The court came down heavily on Ramdev and Balkrishna in its April 2 hearing for their "absolute defiance" over not filing proper affidavits over the misleading advertisements. The court observed that the ads are in the "teeth of law" and told them to be "ready for action".

"You should have made sure that the solemn undertaking should have been in letter and spirit. We can also say that we are sorry for not accepting it. Your apology is not persuading this court. It is more of a lip service," the Supreme Court said, rejecting their apology, and asked to file affidavits within a week.
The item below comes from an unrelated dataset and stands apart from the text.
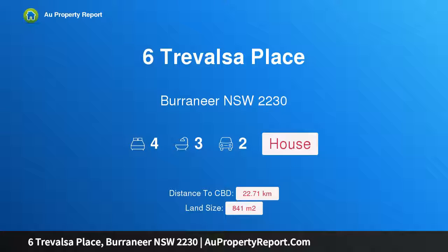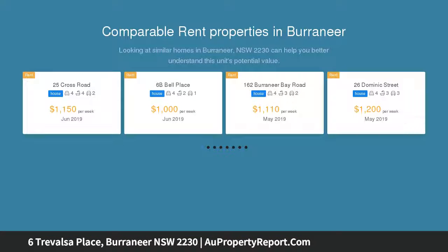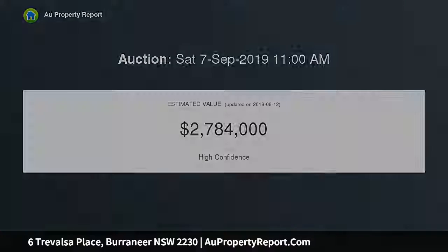Hi, I am glad to introduce Property 6 Travalsa Place, Borronea New South Wales, 2230 — Entertainer's Delight. A stunning showcase of sophistication and quality design blended together to create this beautiful split-level family home. Combining modern and original charm with a low-maintenance lifestyle in the premium and highly sought-after Borronea Peninsula, this home is sure to impress, with a versatile floor plan offering the space and opportunity to accommodate a large or growing family. This home is a must to inspect.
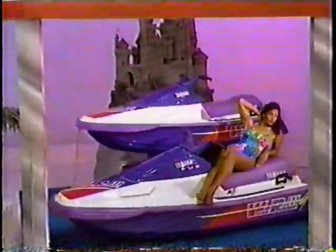This showcase can be yours if the price is right. Michael, what do you bid on that pair of sport boats — a pair of Yamaha Wave Runner 3s?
This set of apologies was rejected yesterday after the Supreme Court after the court noted that they were sent to the media first. "Till the matter hit the court, the contemnors did not find it fit to send us the affidavits. They sent it to the media first, till 7.30 pm yesterday it was not uploaded for us. They believe in publicity clearly," Justice Kohli said.

Senior Advocate Mukul Rohatgi, appearing for the Patanjali founders, said he cannot speak for the registry and that the apologies had been served.

Justice Amanullah asked if the apology is "even heartfelt". "Tendering apology is not enough. You should suffer the consequences for violating the court's order. We do not want to be generous in this case," he said.